Start of Block

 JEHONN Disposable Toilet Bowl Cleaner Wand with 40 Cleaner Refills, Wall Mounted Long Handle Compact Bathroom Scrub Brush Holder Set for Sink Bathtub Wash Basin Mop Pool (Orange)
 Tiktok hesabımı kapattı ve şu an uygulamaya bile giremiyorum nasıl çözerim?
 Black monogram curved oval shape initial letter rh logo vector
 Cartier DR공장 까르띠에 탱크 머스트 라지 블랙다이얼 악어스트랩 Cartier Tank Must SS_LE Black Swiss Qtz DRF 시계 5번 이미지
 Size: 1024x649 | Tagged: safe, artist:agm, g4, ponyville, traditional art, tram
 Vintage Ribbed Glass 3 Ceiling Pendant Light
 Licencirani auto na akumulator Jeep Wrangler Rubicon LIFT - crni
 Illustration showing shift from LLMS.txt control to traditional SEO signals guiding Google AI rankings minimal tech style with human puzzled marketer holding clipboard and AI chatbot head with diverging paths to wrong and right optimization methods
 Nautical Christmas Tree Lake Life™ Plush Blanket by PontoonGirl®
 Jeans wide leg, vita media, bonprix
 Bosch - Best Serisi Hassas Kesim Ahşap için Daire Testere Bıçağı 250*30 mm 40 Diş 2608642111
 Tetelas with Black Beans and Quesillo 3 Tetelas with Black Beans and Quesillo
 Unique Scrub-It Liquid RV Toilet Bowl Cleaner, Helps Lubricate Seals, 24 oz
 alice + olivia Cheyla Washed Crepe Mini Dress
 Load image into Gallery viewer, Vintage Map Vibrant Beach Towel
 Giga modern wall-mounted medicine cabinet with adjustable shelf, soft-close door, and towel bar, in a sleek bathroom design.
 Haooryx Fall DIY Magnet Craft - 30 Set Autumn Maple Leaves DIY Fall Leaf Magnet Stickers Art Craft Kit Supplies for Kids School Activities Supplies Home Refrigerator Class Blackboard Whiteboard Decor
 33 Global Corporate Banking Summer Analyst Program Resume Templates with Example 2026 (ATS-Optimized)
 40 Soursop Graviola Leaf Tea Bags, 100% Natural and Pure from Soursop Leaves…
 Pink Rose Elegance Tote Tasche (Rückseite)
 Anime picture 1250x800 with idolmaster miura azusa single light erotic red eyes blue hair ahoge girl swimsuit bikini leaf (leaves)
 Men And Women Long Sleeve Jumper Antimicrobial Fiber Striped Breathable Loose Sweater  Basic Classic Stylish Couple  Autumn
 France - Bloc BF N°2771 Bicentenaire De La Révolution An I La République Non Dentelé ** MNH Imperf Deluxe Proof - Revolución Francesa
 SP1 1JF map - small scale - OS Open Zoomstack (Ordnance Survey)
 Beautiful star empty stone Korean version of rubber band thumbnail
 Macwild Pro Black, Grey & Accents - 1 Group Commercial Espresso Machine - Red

End of Block

THE PROBLEM:
Collect the lines of the records that include the string "traditional".

SOLUTION FOR THIS PROBLEM:
 Size: 1024x649 | Tagged: safe, artist:agm, g4, ponyville, traditional art, tram
 Illustration showing shift from LLMS.txt control to traditional SEO signals guiding Google AI rankings minimal tech style with human puzzled marketer holding clipboard and AI chatbot head with diverging paths to wrong and right optimization methods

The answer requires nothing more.